When I cook for people, I enjoy it. I like providing someone with a sense of comfort, nourishment and relaxation. You can be YOU around me. Wanna eat ramen with your bare hands? I'm in. Need to go eat bone marrow at a fancy restaurant and have white linens and warmed hand towels? I'll lick my fingers when no one is looking.

So when I'm cooking dinner, I'm a bit vain thinking folks will want seconds of what I made. I like leaving a little bit extra for someone else even if it means I'll have less myself. It's my little treat to the person enjoying a good meal. I'm extending that feel good moment for them.

Am I weird? Maybe. Am I obsessed with food and the emotional triggers attached? Probably. Do I need to lay off the Food Network and stop spending my whole paycheck on grocery store tours? Most definitely.

But I'm still going to plan and meal prep like I'm feeding an army.

Thursday, June 15, 2017

It's been a while

I haven't signed into this blog in over a year. I think for a while I was so caught up in what other people were doing, what they were saying, how their journey was going etc. that I basically devoted all my energy into feeding into that desire --of seeing life through someone else's eyes-- instead of my own. I need to work things out in my head.

It's been a crazy few years. I'm approaching the big 4-0 and am finding it hard to come to terms with that. I feel the restrictions my body is putting on me now. And I don't like it. But I persist. I run with chafed thighs or lady parts, I squat with sore knees and do lateral raises with a shoulder housing tendinitis. I should get a tattoo of Motrin on my ass.

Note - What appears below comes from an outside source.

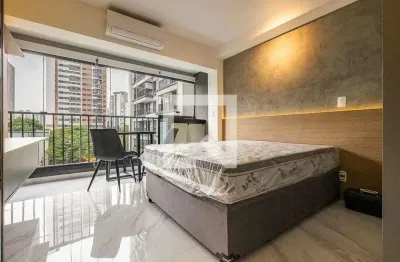 Kitnet / stúdio para venda - pinheiros, 1 quarto,  24 m² - são paulo
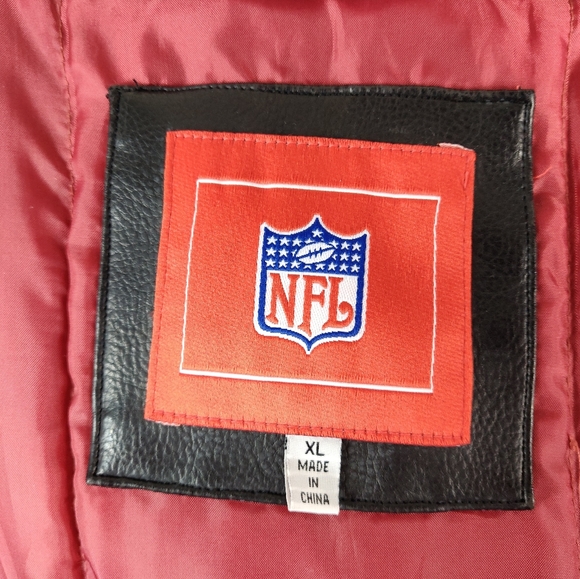 San Francisco 49ers Bomber javket - Picture 6 of 8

I have my heroes like Erin Brown, Nia Shanks, Molly Galbraith and Amber Rogers to keep me going for inspiration, resources and motivation. I'm thankful during my time avoiding my own voice I found these phenomenal women who really took up space in this world and shared their great perspectives. It's like a voice of reason in a sea of Instabootygrams and cleanses and juices and kitten mitten (intermittent) fasting.

I self-sabotage a lot. I know I should be doing more cardio. I know I need to curb my wine drinking and take my vitamins. Do I? No. I know better but I also want to defy the expectations of what "I'm supposed to do" at this age. It's not very smart, I'll admit.

We'll see if writing out my thoughts helps me get a clearer picture in the gym. I need my mojo back.